Google recently copied their mobile result layout over to desktop search results. The three big pieces which changed as part of that update were
URLs: In many cases Google will now show breadcrumbs in the search results rather than showing the full URL. The layout no longer differentiates between HTTP and HTTPS. And the URLs shifted from an easily visible green color to a much easier to miss black.
Favicons: All listings now show a favicon next to them.
Ad labeling: ad labeling is in the same spot as favicons are for organic search results, but the ad labels are a black which sort of blends in to the URL line. Over time expect the black ad label to become a lighter color in a way that parallels how Google made ad background colors lighter over time.
Last year, our search results on mobile gained a new look. That’s now rolling out to desktop results this week, presenting site domain names and brand icons prominently, along with a bolded “Ad” label for ads. Here’s a mockup: pic.twitter.com/aM9UAbSKtv— Google SearchLiaison (@searchliaison) January 13, 2020
One could expect this change to boost the CTR on ads while lowering the CTR on organic search results, at least up until users get used to seeing favicons and not thinking of them as being ads.
The Verge panned the SERP layout update. Some folks on Reddit hate this new layout as it is visually distracting, the contrast on the URLs is worse, and many people think the organic results are ads.
Conspiracy Theory: The REAL reason icons are in SERPs is to encourage “banner blindness” for the “Ad” text. Once people see the icons over and over, they will learn to mentally ignore the top left. pic.twitter.com/LaXdZjNLK1— Rishi Lakhani (@rishil) January 17, 2020
I suspect a lot of phishing sites will use subdomains patterned off the brand they are arbitraging coupled with bogus favicons to try to look authentic. I wouldn’t reconstruct an existing site’s structure based on the current search result layout, but if I were building a brand new site I might prefer to put it at the root instead of on www so the words were that much closer to the logo.
Google provides the following guidelines for favicons
Both the favicon file and the home page must be crawlable by Google (that is, they cannot be blocked to Google).
Your favicon should be a visual representation of your website’s brand, in order to help users quickly identify your site when they scan through search results.
Your favicon should be a multiple of 48px square, for example: 48x48px, 96x96px, 144x144px and so on. SVG files, of course, do not have a specific size. Any valid favicon format is supported. Google will rescale your image to 16x16px for use in search results, so make sure that it looks good at that resolution. Note: do not provide a 16x16px favicon.
The favicon URL should be stable (don’t change the URL frequently).

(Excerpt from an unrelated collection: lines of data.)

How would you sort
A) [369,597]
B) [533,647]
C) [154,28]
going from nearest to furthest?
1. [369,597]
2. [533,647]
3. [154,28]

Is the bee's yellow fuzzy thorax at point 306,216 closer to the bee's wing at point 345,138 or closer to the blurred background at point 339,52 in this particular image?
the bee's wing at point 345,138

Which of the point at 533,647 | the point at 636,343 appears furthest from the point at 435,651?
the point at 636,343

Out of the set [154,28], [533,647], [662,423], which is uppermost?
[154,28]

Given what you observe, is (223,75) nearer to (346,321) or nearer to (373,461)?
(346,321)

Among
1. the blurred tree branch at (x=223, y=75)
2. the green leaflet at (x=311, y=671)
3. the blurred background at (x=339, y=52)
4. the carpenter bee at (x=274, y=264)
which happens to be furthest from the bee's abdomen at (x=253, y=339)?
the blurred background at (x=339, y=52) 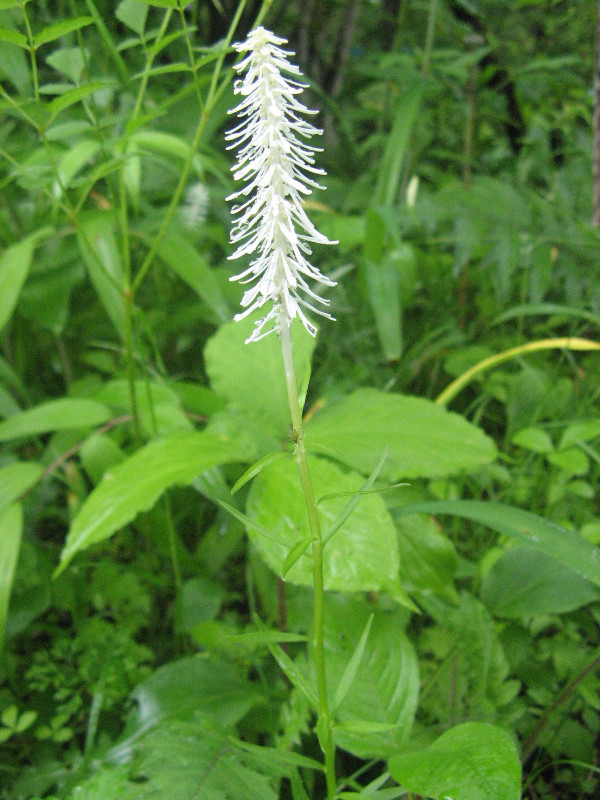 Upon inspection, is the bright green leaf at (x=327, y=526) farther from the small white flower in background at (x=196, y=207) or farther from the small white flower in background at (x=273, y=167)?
the small white flower in background at (x=196, y=207)

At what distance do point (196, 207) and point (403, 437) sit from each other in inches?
53.6

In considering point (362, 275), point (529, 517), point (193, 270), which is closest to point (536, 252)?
point (362, 275)

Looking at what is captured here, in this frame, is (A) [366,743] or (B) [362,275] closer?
(A) [366,743]

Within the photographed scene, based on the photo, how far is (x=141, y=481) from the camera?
945 mm

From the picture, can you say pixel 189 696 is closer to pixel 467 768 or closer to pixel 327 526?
pixel 327 526

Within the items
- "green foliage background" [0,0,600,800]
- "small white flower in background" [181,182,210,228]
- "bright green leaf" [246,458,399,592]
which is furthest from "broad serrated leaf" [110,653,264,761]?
"small white flower in background" [181,182,210,228]

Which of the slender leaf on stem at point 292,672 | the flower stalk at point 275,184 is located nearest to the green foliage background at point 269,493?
the slender leaf on stem at point 292,672

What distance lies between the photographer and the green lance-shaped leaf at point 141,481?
90cm

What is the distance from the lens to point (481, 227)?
1.76m

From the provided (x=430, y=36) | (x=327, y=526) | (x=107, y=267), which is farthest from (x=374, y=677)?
(x=430, y=36)

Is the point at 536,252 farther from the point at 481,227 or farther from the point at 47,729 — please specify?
the point at 47,729

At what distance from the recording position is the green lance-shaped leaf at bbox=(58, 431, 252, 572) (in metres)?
0.90

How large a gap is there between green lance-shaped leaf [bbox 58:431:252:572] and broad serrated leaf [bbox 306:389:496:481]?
17 centimetres

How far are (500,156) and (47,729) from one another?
2.59 metres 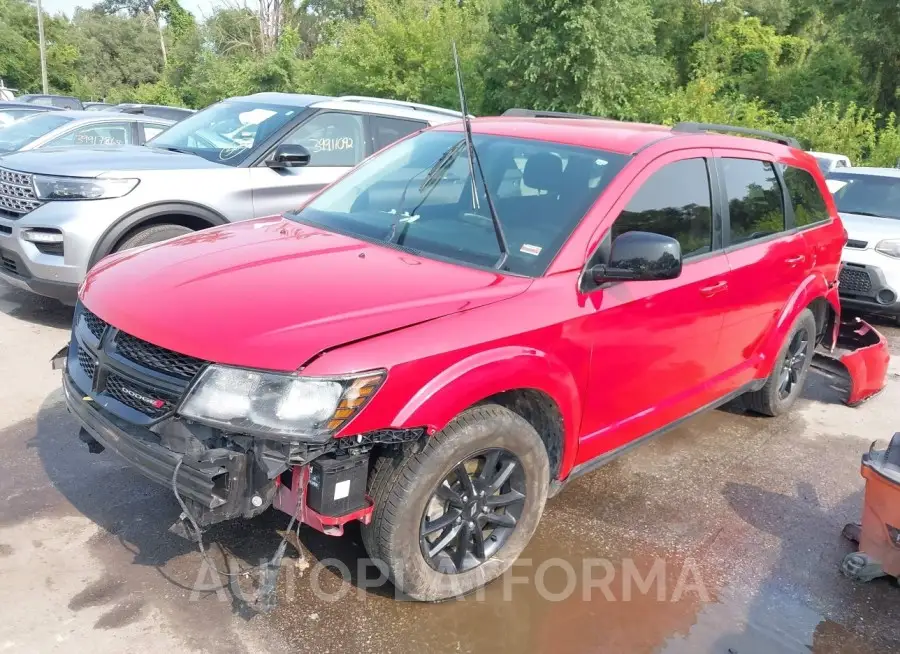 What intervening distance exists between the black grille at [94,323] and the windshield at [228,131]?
127 inches

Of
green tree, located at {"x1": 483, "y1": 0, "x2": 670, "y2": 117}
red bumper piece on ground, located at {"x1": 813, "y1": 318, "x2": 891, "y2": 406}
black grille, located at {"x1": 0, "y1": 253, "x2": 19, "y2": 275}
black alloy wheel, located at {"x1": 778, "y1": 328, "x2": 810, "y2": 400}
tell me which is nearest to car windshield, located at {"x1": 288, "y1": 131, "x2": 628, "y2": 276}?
black alloy wheel, located at {"x1": 778, "y1": 328, "x2": 810, "y2": 400}

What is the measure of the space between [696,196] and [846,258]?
16.4 feet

Google will not show any favicon that it deems inappropriate, including pornography or hate symbols (for example, swastikas). If this type of imagery is discovered within a favicon, Google will replace it with a default icon.
In addition to the above, I thought it would make sense to provide a few other tips for optimizing favicons.
Keep your favicons consistent across sections of your site if you are trying to offer a consistent brand perception.
In general, less is more. 16×16 is a tiny space, so if you try to convey a lot of information inside of it, you’ll likely end up creating a blob that almost nobody but you recognizes.
It can make sense to include the first letter from a site’s name or a simplified logo widget as the favicon, but it is hard to include both in a single favicon without it looking overdone & cluttered.
A colored favicon on a white background generally looks better than a white icon on a colored background, as having a colored background means you are eating into some of the scarce pixel space for a border.
Using a square shape versus a circle gives you more surface area to work with.
Even if your logo has italics on it, it might make sense to avoid using italics in the favicon to make the letter look cleaner.
Here are a few favicons I like & why I like them:
Citigroup – manages to get the word Citi in there while looking memorable & distinctive without looking overly cluttered
Nerdwallet – the N makes a great use of space, the colors are sharp, and it almost feels like an arrow that is pointing right
Inc – the bold I with a period is strong.
LinkedIn – very memorable using a small part of the word from their logo & good color usage.
Some of the other memorable ones that I like include: Twitter, Amazon, eBay, Paypal, Google Play & CNBC.
Here are a few favicons I dislike & why
Wikipedia – the W is hard to read.
USAA – they included both the logo widget and the 4 letters in a tiny space.
Yahoo! – they used inconsistent favicons across their sites & use italics on them. Some of the favicons have the whole word Yahoo in them while the others are the Y! in italics.
If you do not have a favicon Google will show a dull globe next to your listing. Real Favicon Generator is a good tool for creating favicons in various sizes.
What favicons do you really like? Which big sites do you see that are doing it wrong?